I genuinely like hanging our clothes out to dry. Most of the time, it’s a few minutes of peace with my thoughts, doing something basic and methodical with my hands. It’s one of those acts of quotidian liturgy that, for me, is a simple act of service for my family. I enjoy praying for each person who wears the clothes I’m hanging.
Other times, my kids join me to hang clothes, and that can be just as fun. My four-year-old hangs the clothes in all sorts of artistic ways (which I often have to re-do later), and my toddler giggles at the feel of damp, cool clothes brushing his head as he walks under the rack. He also loves emptying and restocking the clothespin basket, handing me one as needed.

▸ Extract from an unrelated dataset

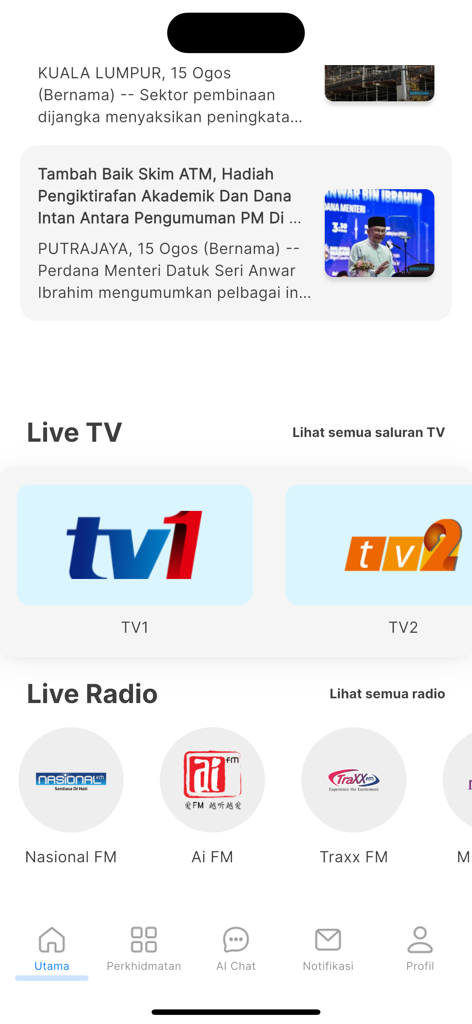 MyGOV Malaysia - MyGOV Malaysia mobile app screen displaying government news and live TV and radio streaming options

Much like showering, I get some good thinking done. While my body is busy doing something rote and routine, my mind is free to wander. Where do you think I came up with this post idea?
Photo from sxc.hu
Tips for Clothes Drying
• If you don’t like the stiffness of line-dried clothes, you can give them a quick spin in the dryer for five minutes after they’re dried. It’ll soften the fibers a bit.
• Plan your laundry colors with the sun’s peak. I aim to have my whites drying in the late afternoon, when the sun is at its brightest here.

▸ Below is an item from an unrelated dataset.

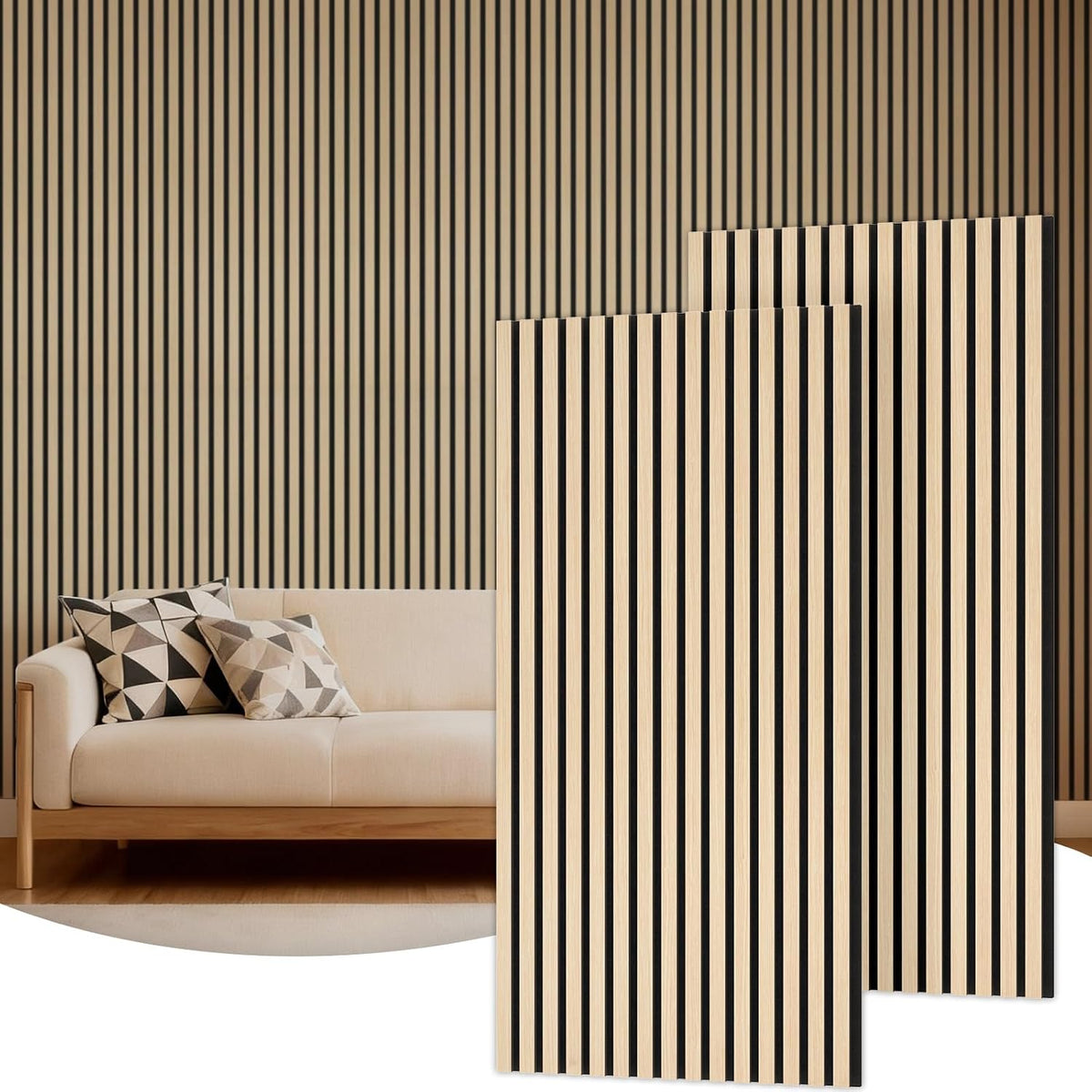 TONOR Akustikpaneele Holz, 4 Stück 120 X 60Cm - 2,88M² Wandpaneele Holz Holzpaneele Wand Als Schallschutzplatten, Wandverkleidung Holzoptik Für Wanddeko Wohnzimmer, Büro, Küche, Eiche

• Clothes will line dry even when it’s cooler or wetter. Simply put them under a roof, like a covered patio or balcony. And if you have a drying rack (as opposed to a permanent clothesline), you can bring your drying laundry inside overnight.

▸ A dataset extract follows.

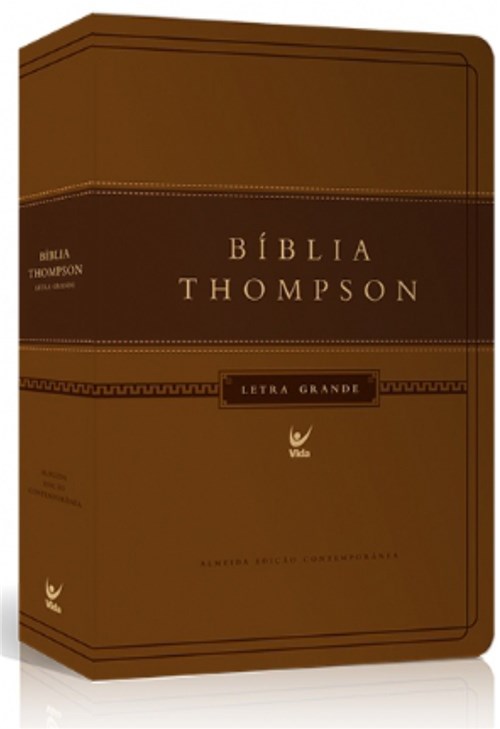 Bíblia Thompson Aec Letra Grande - Marrom Claro e Escuro com Índice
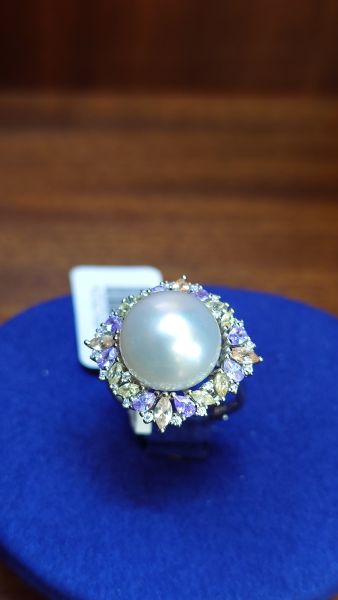 天然澳白珍珠彩寶戒指 13-13.5mm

• If you really want to dry your clothes in the dryer, use dryer balls instead of dryer sheets. They can be rubber with little stubby spikes, or they can be all-natural made of felted wool. Basically, they bounce around in your laundry load, separating the clothes and fluffing them up, so that you don’t need to reduce static cling chemically.
Do you line dry your clothes? Why or why not? What tips do you have for effective drying?